オークツリー・キャピタルのハワード・マークス氏が、「予見はできない。準備はできる」と題した2001年のMemoについて回想している。
同氏はこのタイトルを大手保険会社のキャッチコピーから流用したのだという。
「とても啓発的な言葉だ。」
マークス氏がMoney Maze Podcastで、このキャッチコピーを褒めている。
私たちはこのコピーからどう啓発されるべきだろう。
「何が起こるかわからないなら、どうやって起こることに対する準備ができるのか?
答は、もしも自分が起こることを予見できると考えるなら、愚か者だということ。」
マークス氏は、私たちが「確実でない世界」に暮らしているという。
将来が予見できないことを認めた上で採るべきスタンスを説いている。
「準備するという意味は、1つの結果に対しての準備ではなく、ポートフォリオあるいは人生の生き方について幅広い結果に対して準備することなのだ。
そうすることが成功につながる。」
ところが、市場内外には利口ぶった《識者》が溢れかえっている。
「投資業界では、経済はこうなる、金利はこうなる、市場はこうなる、この産業はこうなる、この企業はこうなると話す人が多すぎる。

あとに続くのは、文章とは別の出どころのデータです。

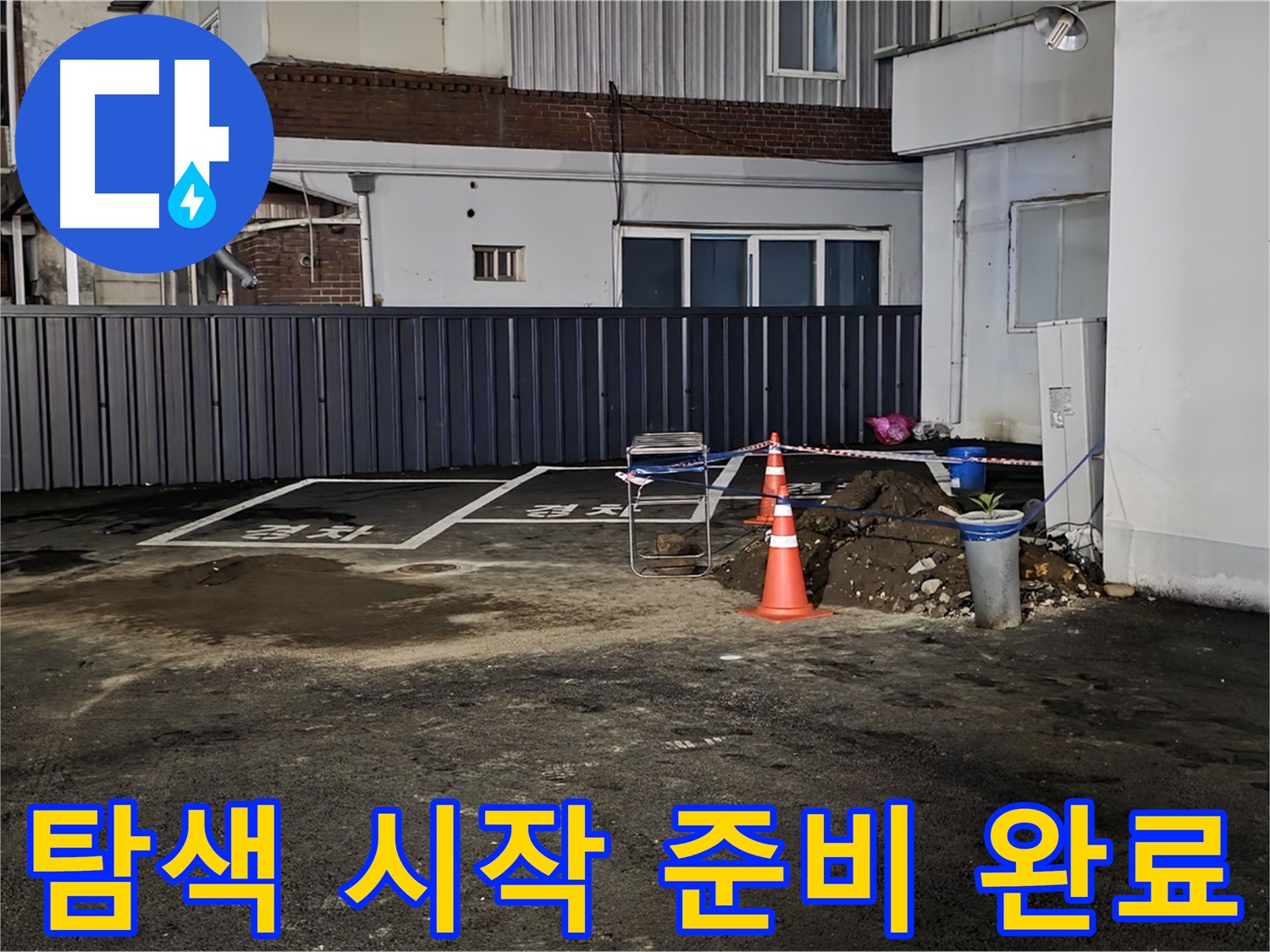 철원 주차장 누수 - 작업 공간 확보 완료 - 깔끔하게 정리 후 누수 탐색 시작 준비 완료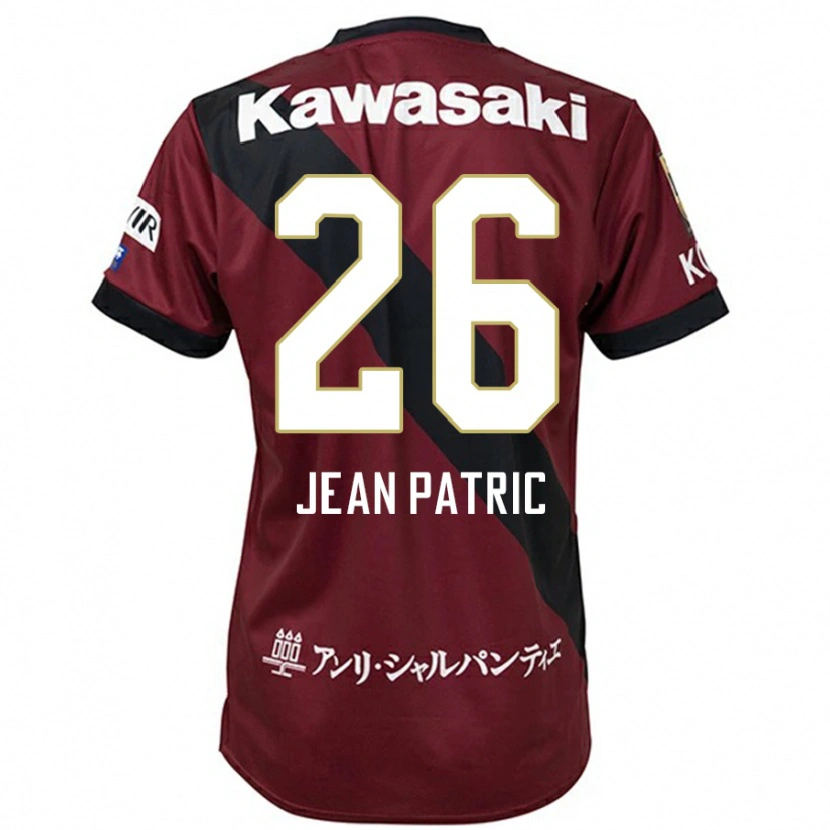 Danxen Homme Maillot Jean Patric #26 Bordeaux Noir Tenues Domicile 2025/26 T-Shirt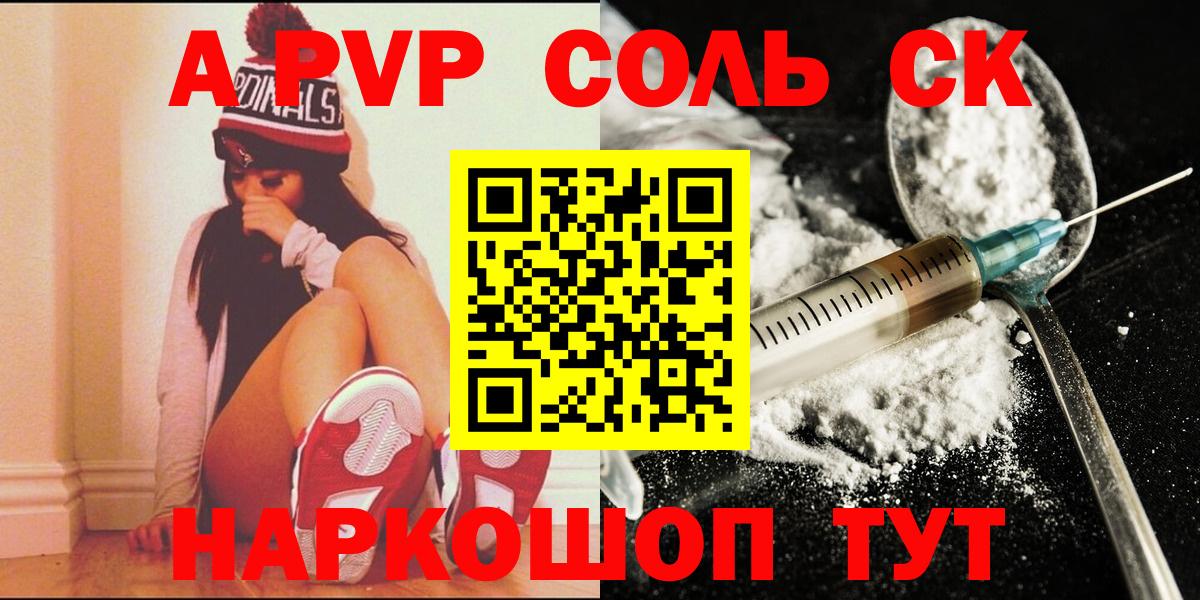 А ПВП СК Удомля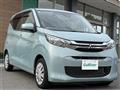 2020 Mitsubishi eK Wagon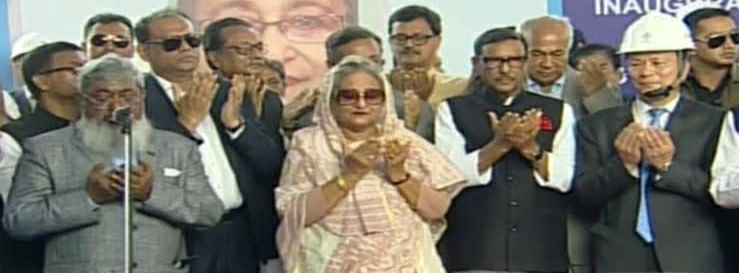 প্রধানমন্ত্রীর হাত ধরে টানেল যুগে বাংলাদেশ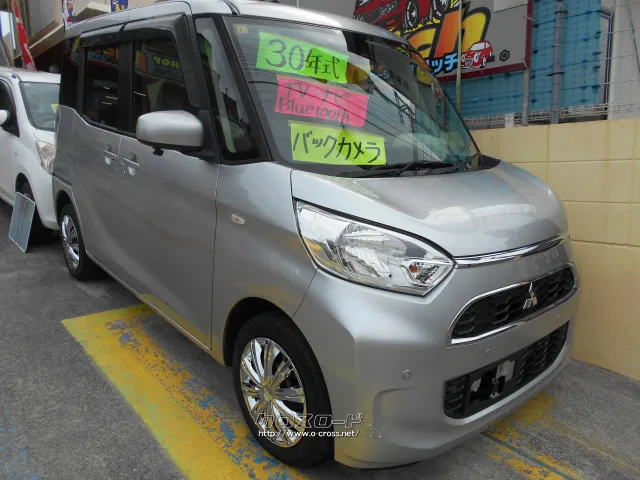 三菱 eKスペース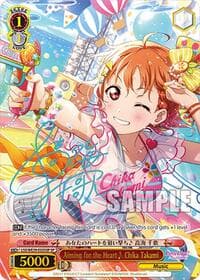 Aiming for the Heart Chika Takami (SP) - Love Live! School Idol Festival Series 10th Anniversary Premium Booster - Weiss Schwarz card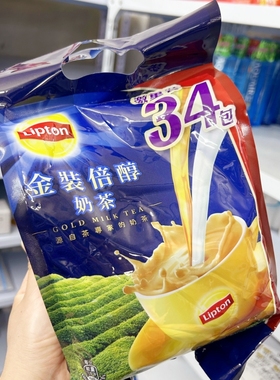 港版现货Lipton立顿金装倍醇奶茶激量装即溶饮料16.5克34条561g
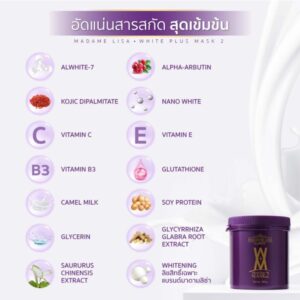 Madame Lisa White Plus Mask 80g and 800g Detox Face Mask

これら5つすべてを予見できれば大金持ちになるだろうが、すべて正しく予見する確率はどれだけあるのか?・・・
もしもあなたがあたかも確実に自分が正しいかのように1つのシナリオに決め打ちして投資して、結果いくつかサプライズがあれば、あなたが組んだポートフォリオは完全に間違い、的外れで、悲惨な結果になるかもしれない。」
2025年3月 ハワード・マークス氏インタビュー
マークス氏は、投資家が自身のポートフォリオに求めるべき条件を端的に列挙する。
ポートフォリオとは、最も確率の高いことが起こった場合によいパフォーマンスでなければならず、他のありそうなことが起こった場合にかなりよくなければならず、起こらないと思っていたことが起こった時にも悲惨なことにならないものでなければならない。
マークス氏は、これが簡単ではないことを認めている。
また、すべてのシナリオに対して最適な準備をすることが不可能であり、ある程度の取捨選択が必要になるとも話している。
マークス氏は、将来が予見不可能なものだと信じている。
ただし、将来に対する予見力に関して、長けた人と劣った人がいることも認めている。
さらに、最近ではAIやロボ・アドバイザーなどコンピューター科学を駆使した投資手法も発達している。
同氏は、投資業界を目指す人々に極めて現実的で残酷なアドバイスを贈っている。
私は、世界で最も賢いコンピューターでも、最も洞察力のある人間ほどの洞察力はないと信じたい。
しかし、この職業の問題とは、最も賢いコンピューターが80-90%程度の人間より洞察力を有しているかもしれないことだ。
だから、結論は、あなたがトップ数%でないなら、投資業界に入らない方がいいということだ。